Enhanced hierarchical clustering with BERTopic-style merged-cluster keyword tooltips.

Documentation

Updated documentation to explain that Heatmap and Bar Chart visualise the same topic–word weight matrix.

Visualisation

Added top-word hover tooltips across all visualisations for clearer topic interpretation.
Standardised global topic colour scheme across all charts. The automated marker colours are determined by golden-ratio hue jumping + lightness alternation
Reduced number of displayed terms in plots to prevent hidden tick labels; added hover-based x-axis details where needed.
Unified Plotly font styling using Roboto/Noto Bengali; reduced margins for a cleaner layout.

Quality-Of-Life

Clarified Topic Evolution axis (document upload order) and added filenames to hover output.
Added missing loading spinner to indicate processing during analysis.

Notes

Hovering on Plotly legends is unfortunately not supported; tooltips are therefore provided directly on the plots.
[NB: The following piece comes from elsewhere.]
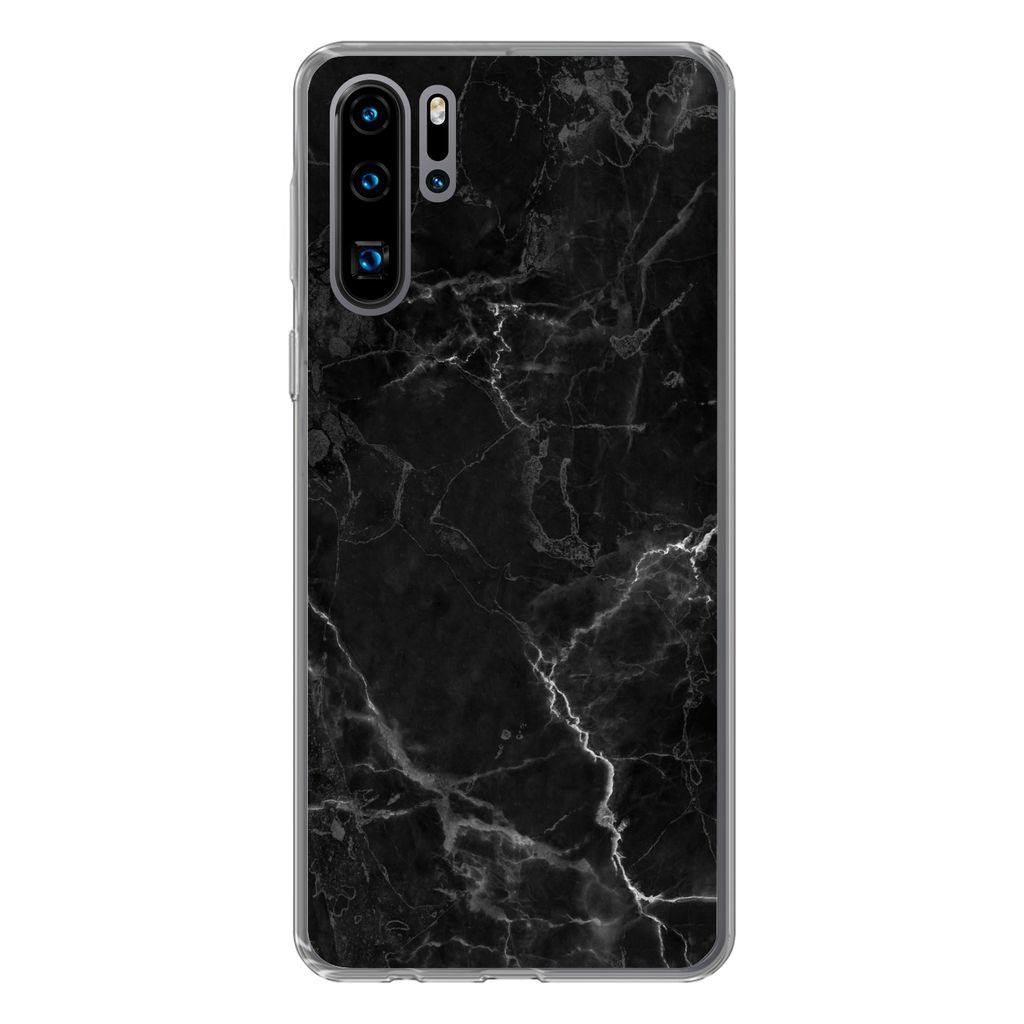 MuchoWow Handyhülle Schutzhülle Hülle für Huawei P30 Pro Marmor - Schwarz - Weiß - Textur - Marmoroptik Silikon Softcase Handy Hülle - Schu...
These changes significantly improve clarity, consistency, and user experience in the visualisation interface.

Features

Upload & Preprocessing

Upload up to 800 UTF-8 encoded .txt files at once (maximum total size: 100MB)
Corpus size and token thresholds enforced to ensure browser responsiveness
Preprocessing controls include:
- Standard + custom Bengali stopwords
- no_below and no_above frequency thresholds
- Top-N% most frequent tokens filter
- N-gram selection: unigrams, bigrams, trigrams
- Dictionary-based stemming

Dictionary-Based Stemming (v1.1.0)

Replaces earlier rule-based suffix stripping
Offers better semantic interpretability and topic-word clarity

Topic Modelling

Gensim's LdaMulticore implementation for fast, multicore topic modelling
Tunable parameters:
- Number of topics
- Passes and iterations
- Alpha and Eta priors
- Chunk size
- Minimum probability threshold

Visualisations (Tabbed UI)

Visualisations Tab: Bar chart, scatter plot, pie chart, heatmap, topic-word network graph
Report Tab: Training summary, top tokens, topic prevalence, representative documents
Downloads Tab: Export results as CSV and TXT
Guide Tab: Step-by-step interpretive instructions

Topic-Document Drilldown

Per-topic list of most representative documents
Context-aware sentence preview
Topic label and confidence indicator

Design Principles

Mobile-friendly and responsive layout

Documentation

anvay includes a fully integrated documentation panel accessible from the interface itself. The documentation is designed not merely as technical reference, but as a pedagogical aid that walks users through each stage of the topic modelling process — from corpus preparation and parameter selection to result interpretation. It explains preprocessing choices (e.g. stopword filtering, n-gram selection, stemming) in clear language, and provides visual examples and tooltips to guide first-time users. The documentation also includes a walkthrough of a sample run, highlighting what users can expect from the model outputs. Importantly, the documentation assumes no prior knowledge of machine learning, making anvay accessible to students, scholars, and corpus curators working with Bengali texts.

Screenshots

Upload interface screenshot

Documentation interface screenshot

Visualization interface screenshot

Report interface screenshot

Technical Stack

Backend: Python (Flask), Gensim, NLTK, NetworkX, Scikit-learn
Frontend: Bootstrap, jQuery, Plotly, Bokeh, Seaborn
Deployment: Designed to be hosted on a university or personal server (e.g., via Gunicorn)

Installation

anvay has been tested with Python 3.9-3.11 and Gensim 4.3.x.
Two installation methods are provided:

Standard installation (virtual environment)
Docker-based installation

Option 1: Standard installation (virtual environment)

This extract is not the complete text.